Yesterday while I was a captive audience during an airplane ride home from Europe, I watched an episode of CBC's The nature of things, where they put Olympic champions on vintage equipment to see how their performance stacked up against the champions of yesteryear when the equipment was state of the art. The focus was on winter sports,but it was interesting to see a champion speed skater trying to match a champion from the early 60s without the modern skates and skin suit.
A bobsled team rode a 1948 sled, and a skier a set of skis from 35 years ago.
The modern day champs did pretty well, and if they had more time to adapt to the equipment, I think their performances would have surpassed their predecessor's by a pretty wide margin.
Can probably put that down to modern training and conditioning.
Anyway, to bring this back to cycling, a good friend of mine embarked on a quest a few years ago to beat the world hour record on the track for his age category. (65 to 69) He was determined to do it on classic "Eddy Merckx" style equipment, including a lugged steel frame, drop bar, and spoke wheels.

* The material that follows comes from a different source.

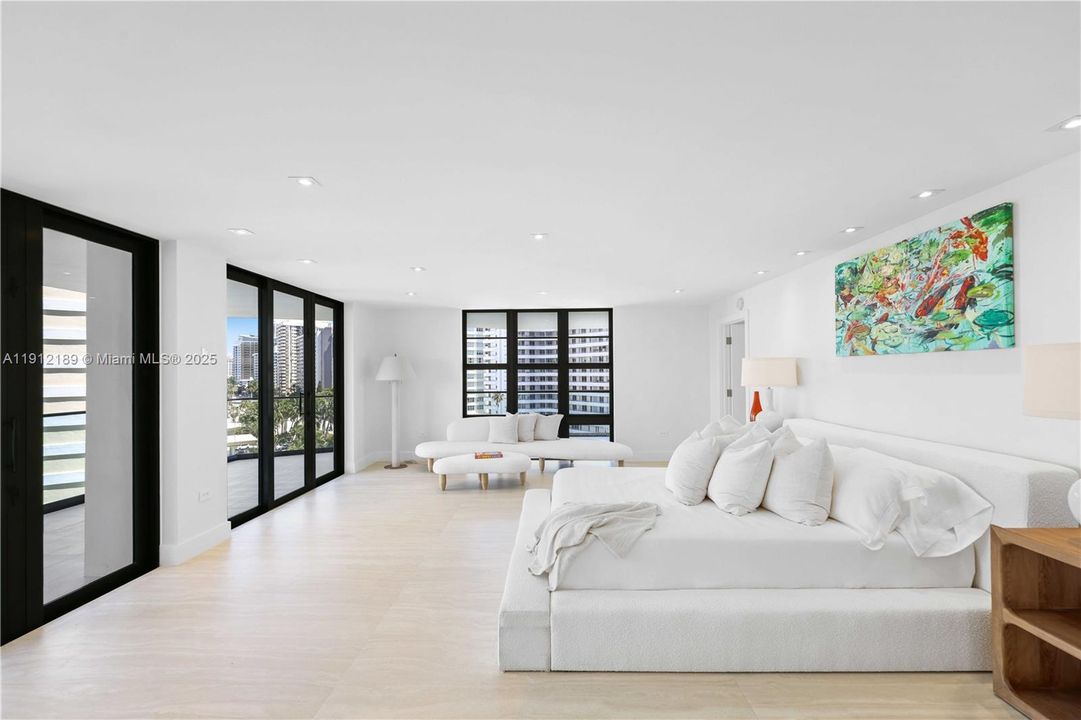 For Sale: $5,900,000 (5 beds, 6 baths, 5736 Square Feet)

This was not long after the UCI changed the rules to allow aero equipment like persuit bars and disc wheels to establish records without an asterisk.
He had a frame custom built and I sponsored him with a set of high flange hub wheels with low profile tubular rims. He trained and trained, refusing to give in to the reality that there was no way he could get close to the record without adopting modern equipment.
Anyway, my friend's real accomplishment was putting together an event that saw 4 UCI hour records set during a single day last year at the Milton Ontario velodrome. His own effort fell well short of a world record, even though in the end he relented and went aero ,but I was there to see Giuseppe Marinoni set a world record on a steel frame he built over 40 years ago, but even he conceded to using disc wheels and aero bars to do his record setting ride.
Anyway, as much as I realize you can't stand in the way of progress, I would still like to see some kind of system that recognizes current day efforts as compared to those who went before on the same type of equipment.
Last edited by Dan Burkhart; 09-15-18 at 08:32 AM.